Só nos resta a esperança de que a nossa história seja contada. Contar, narrar é assim o único gesto que pode salvar os homens, as coletividades, os regimes, do desaparecimento sob a lama do tempo. Por isso, a figura do observador-arquivista é transversal aos romances de LK. Nela fundem-se o guardião e o vigilante, o escritor e o redator de relatórios da polícia política, o tempo cósmico, o tempo histórico e o tempo individual. O “doutor”, um homem alcoolizado e meio louco é, nesta obra, o alter-ego do escritor Kraszanahorkai, o único que pode salvar aquelas vidas olhando e registando cada um dos seus gestos e pensamentos.

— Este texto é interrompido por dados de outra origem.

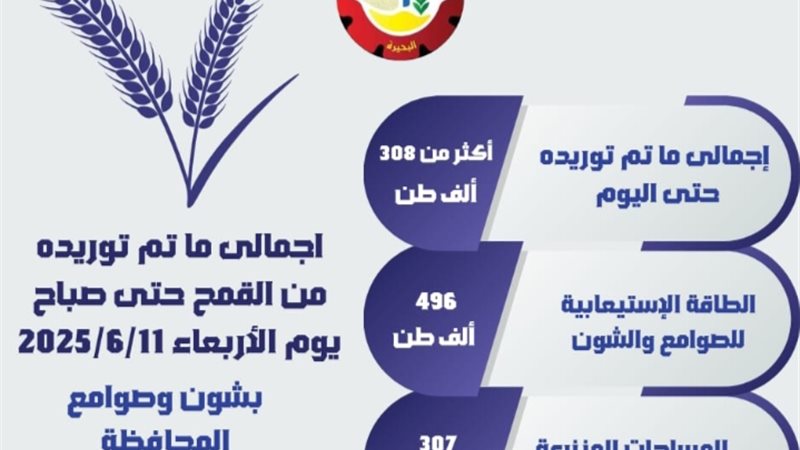 البحيرة تتجاوز 308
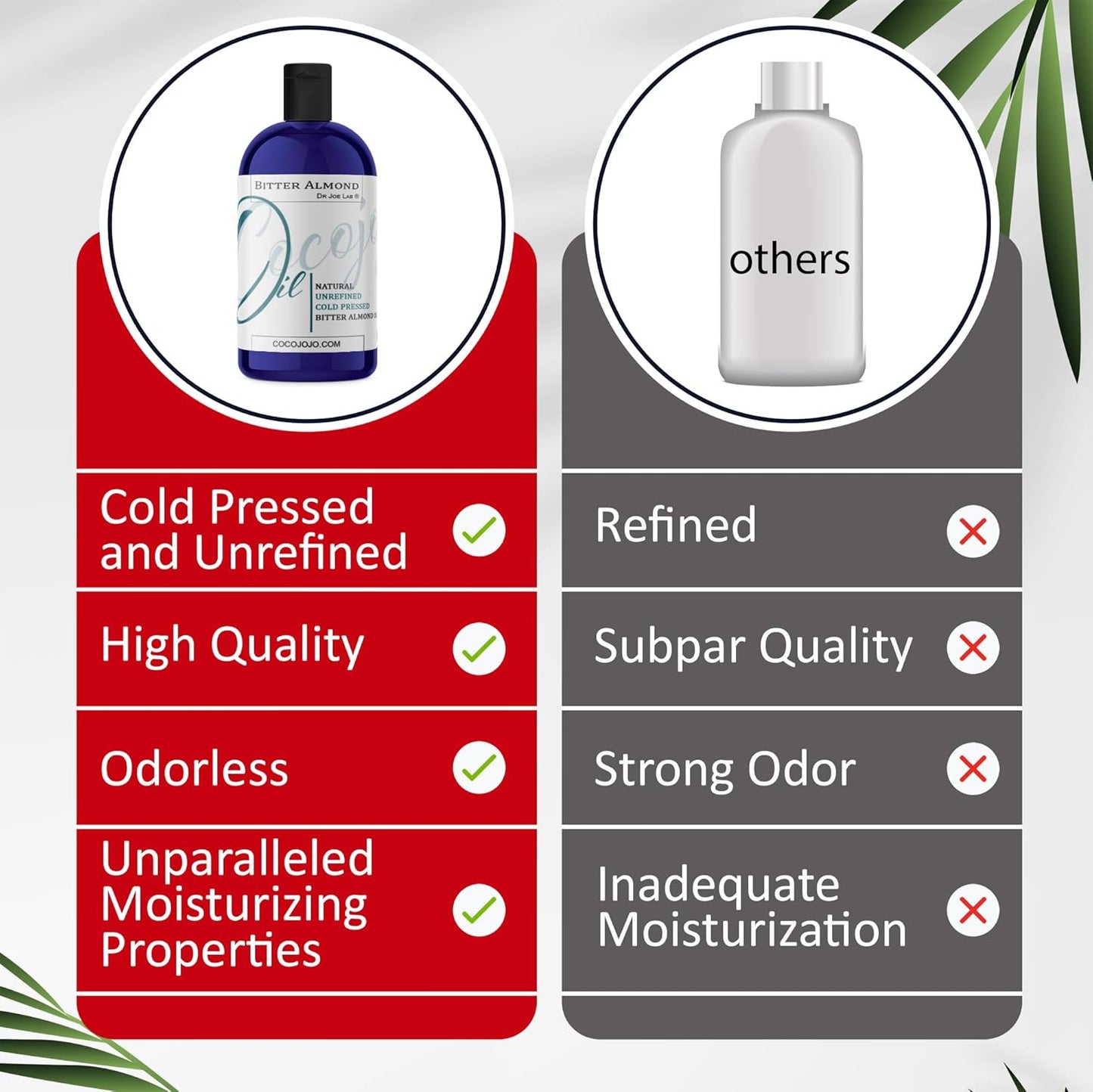 Dr Joe Lab Bitter Almond Oil - 8 oz Pure, Cold Pressed, Non-GMO, Vegan, Extra Virgin, All Natural, Perfect for Body, Hair, Skin, Nails, Facial Hair, Lashes, Eyebrows - Packaging May Vary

É impossível não encontrarmos aqui ressonâncias beckettianas, sobretudo nas figuras de Irimias e Petrina. Eles são a versão politizada das personagens da peça Endgame, também eles sobreviventes de um Apocalipse inexplicável e condenados a viverem à mercê um do outro. Apesar da violência e melancolia, O Tango de Satanás é também profundamente irónico, porque não há, da parte do escritor, qualquer complacência com as suas personagens e, portando, consegue dá-las a ver na sua fragilidade e no seu ridículo como nos lembra a frase de Macbeth citada mais acima.

Como o pai no filme Cavalo de Turim (com argumento do escritor húngaro), as personagens masculinas de Kraszanahorkai têm sempre algo de bíblico, como nota James Wood. Mas são homens cuja força está em declínio e se assemelham ao escorço de um Cristo morto como foi pintado pelo renascentista Andrea Manteña e que Béla Tarr evoca várias vezes ao longo deste filme. Pois os profetas de Lk são invariavelmente falsos, homens espiritualmente impotentes. Se Deus foi arredado deste universo, os profetas são pobres diabos e as crianças não têm qualquer  inocência, isso não impede que a realidade não tenha lugares misteriosos e indecifráveis e a qualquer instante não surja um vislumbre de sagrado nos objetos ou nos corpos mais destruídos e banais.

Agora que a editora Antigona está a investir na tradução de escritores e línguas do leste europeu, e se prepara para, em breve, publicar Uma Solidão Demasiado Ruidosa do grande escritor checo Bohumil Hrabal, esperamos não ter que aguardar mais 30 anos para ler de novo László Kraszanahorkai.